The “big data” revolution has transformed more than industry – it is reshaping how academic research is conducted as well. As computational quantitative methods increasingly infuse across nontraditional academic disciplines, they are upending the traditional balance in which academia pioneers new approaches and industry commercializes them. In the big data era, only a handful of universities possess the datasets, computational resources and expertise to make seminal advances and even those institutions typically partner with major companies to gain access to their unique resources. This raises the very real question of how top granting agencies like the US National Science Foundation (NSF) can remain relevant in an era in which their reviewers, drawn largely from academia, are increasingly unable to cope with the exponentially changing field of big data.
As someone who writes about the field of big data I receive at least a few press releases per week from universities touting their latest grant award, publication or website release related to big data or deep learning. I also make it a habit of regularly scanning the awards databases of major funders like NSF to keep tabs on interesting new research and general trends in funding in areas like big data, deep learning and the like.
One trend that has struck me is the growing divide between the work coming out of academia and the advances pouring forth from the commercial and open data sectors each day, the overwhelming majority of which is published outside academic venues, from blogs to social media. The individuals performing that research are rarely affiliated with any academic institution and most have never published in an academic venue.
When I see that an academic research group received a million dollars from a funding agency to search a few million tweets or several million dollars to toss a few hundred gigabytes into ElasticSearch or a few hundred thousand dollars to run a few dozen documents through an off-the-shelf commercial software package that will take about 15 seconds of computational time, I have to stop to ask just how these projects are slipping through a peer review process that, in theory, should have stopped them at the first stage of the review pipeline.

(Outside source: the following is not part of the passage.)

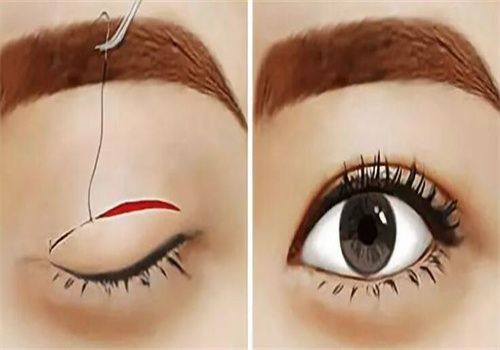 广州美贝尔整形医院价格表：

Computational grants display a similarly strange disconnect. When I see a computational grant for hundreds of thousands of hours of computing time on a top supercomputer to run a specific dataset through a specific piece of software and claiming that machine is the only one in the world capable of running the analysis, but where I had actually run that exact dataset through that exact piece of software on my 5-year-old MacBook Air a year before, I have to start wondering how there is such a disconnect between what funding agencies are approving and the actual state of the world outside academia.